(Reuters) - Zimbabwean cricket has struggled since the turn of the century against political, racial and financial turmoil. The country’s biggest battle now is on the field, where they are fighting to achieve greater consistency in their performances.
The team experienced a marked decline after a string of impressive victories in 2013-14, which included wins over Pakistan in a test match and Australia in a one-day international.
In 2017, Zimbabwe Cricket (ZC) organised matches against Afghanistan, Scotland and the Netherlands and in 10 games against these low-ranked teams, Zimbabwe were beaten five times.

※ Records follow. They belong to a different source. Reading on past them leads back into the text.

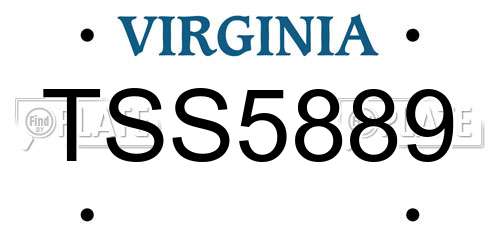 TSS5889 Virginia License Plate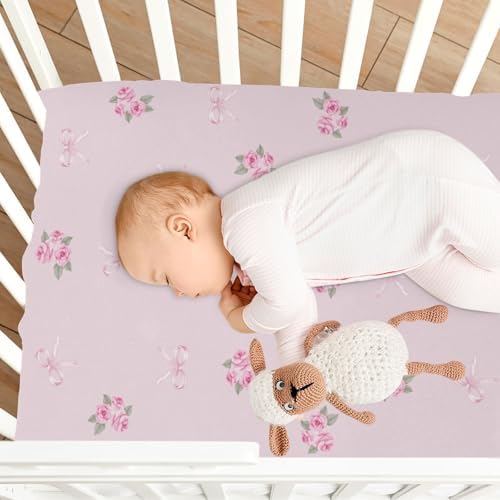 Pink Rose Ribbon Leaves Fitted Crib Sheets for Baby 1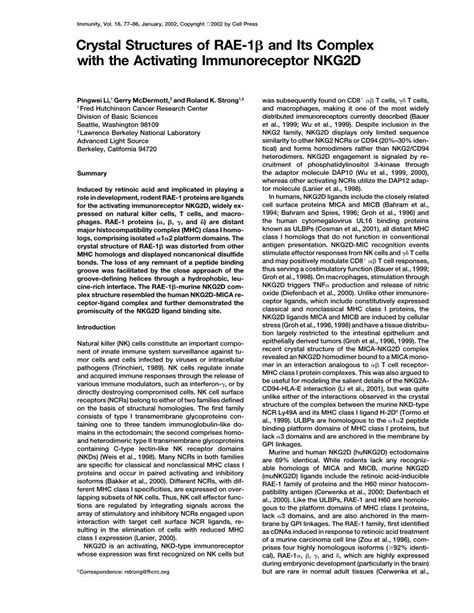 Crystal Structures Of Rae And Its Complex With The Activating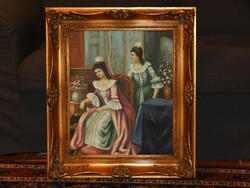 Baroque style oil painting in a quality frame, 50 x 40 cm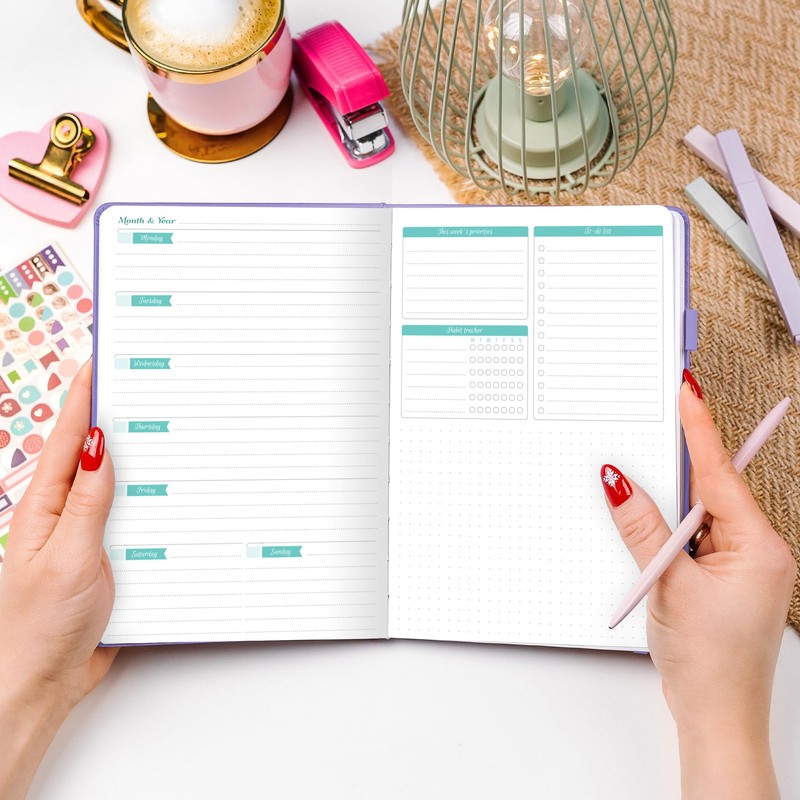 GoGirl Planner Agenda – Colorful Undated Monthly & Weekly Organizer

“We have not had as many fixtures as we would have wanted since the Future Tours Programme was changed in 2014”, Darlington Majonga, ZC’s communications manager, told Reuters.
“In an effort to fill in the gaps in our schedule, we have been engaging the available teams - including the top associate sides. Getting more game time will help us to find our feet as we continuously work hard to establish a strong and competitive side capable of challenging for top honours in cricket.”
Despite suffering embarrassing losses on their European tour, the match practise had a positive effect and Zimbabwe this week claimed their first series victory in Sri Lanka, beating the island nation 3-2 in a one-day international series.
In June, the International Cricket Council (ICC) awarded test status to Ireland and Afghanistan, bringing the number of teams playing cricket’s longest format to 12.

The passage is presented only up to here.